No hay duda de la necesidad de que los miembros de las Fuerzas Armadas tengan certeza jurídica y que el vacío existente en sus tareas de seguridad pública sean claras, para evitar de esa manera los problemas que han puesto en entredicho la legalidad de sus actos, sin embargo, no puede ni debe entrar en contradicción con las leyes y tampoco con el derecho internacional, y es precisamente lo que viene, si este tipo de modificaciones se institucionaliza no faltaría quienes se inconformen ante los organismos internacionales alegando que se violentan las garantías y normas mínimas.

La apuesta de militarizar la seguridad pública y el subsecuente desplazamiento a las policías es muy arriesgado: Primero, porque se parte de la idea de que las corporaciones policiacas son ineficientes y corruptas, que sin duda han dado muchas muestras de serlo, pero esa visión omnicomprensiva es frágil en sí misma. No todos los policías son corruptos, como no todos los militares y marinos son honestos, y eso exige una revisión cuidando considerar ese matiz pues, como luego dicen, en los matices está el diablo. Segundo la Constitución asigna tareas específicas a las Fuerzas Armadas que no son precisamente las de policía, sino la de ser garante de la soberanía nacional, especialmente en aquello del himno nacional: “más si osare un extraño enemigo profanar con sus plantas su suelo”.

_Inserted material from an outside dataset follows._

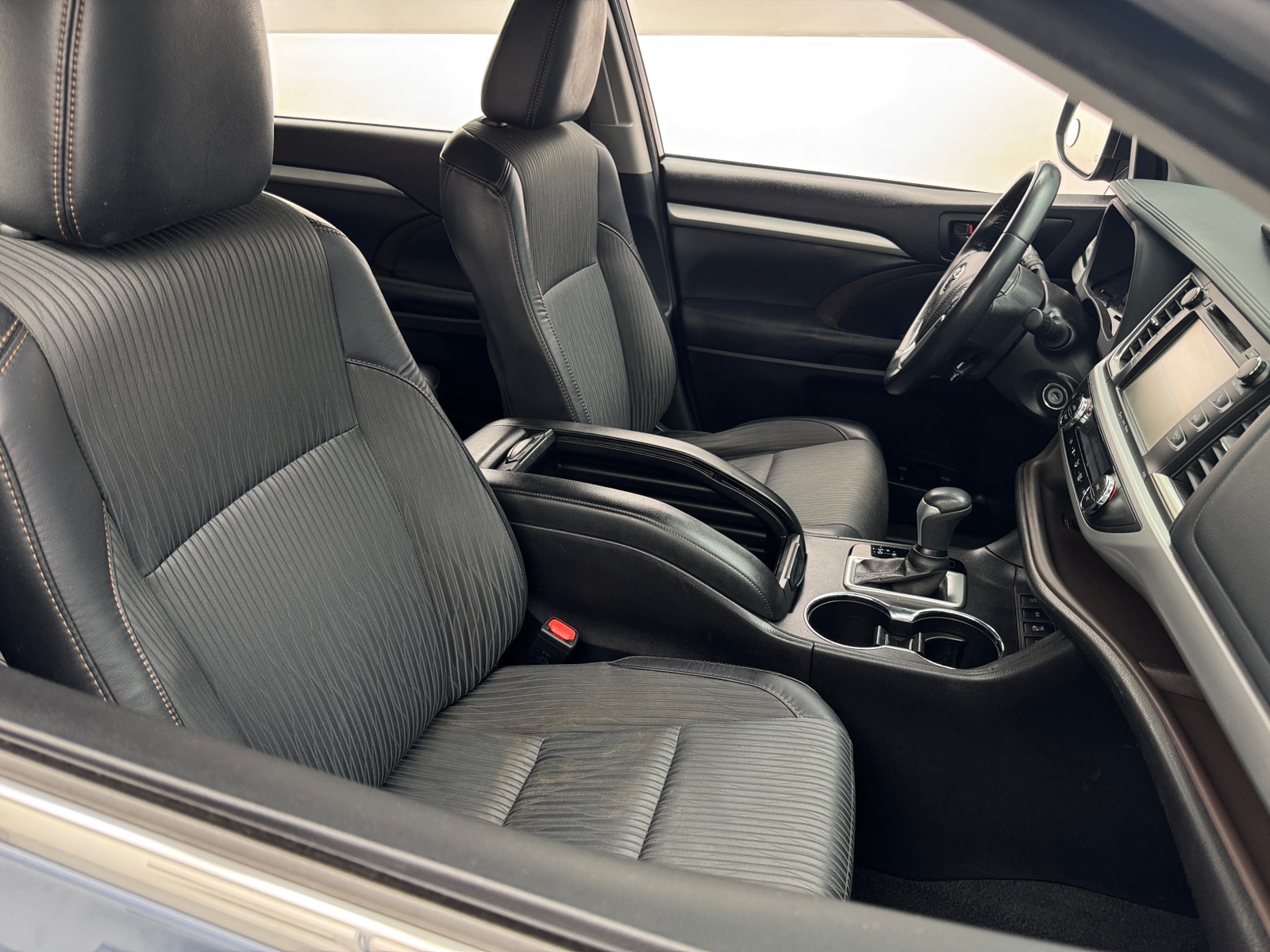 Thumbnail: 2017 Toyota Highlander - 2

Pero no hay espacio para a entrar a ese terreno de los constitucionalistas, que sus mejores exponentes nos recuerdan constantemente los roles que cada una de estas instituciones tiene establecidas en la Carta Magna.

Entonces, esperemos que los hechos ocurridos en Tepic y quizá antes en Tlatlaya o Ayotzinapa, no termine siendo la legalización de esa vieja práctica que leímos en la llamada Guerra de Galio y que son una sombra trágica en la historia nacional.

En definitiva, no tenemos por qué recuperar los peores modos de nuestro pasado para enfrentar las amenazas y los desafíos del futuro. Que no son pocos, como bien lo dice, don Juan de Ibarrola, en un escrito reciente.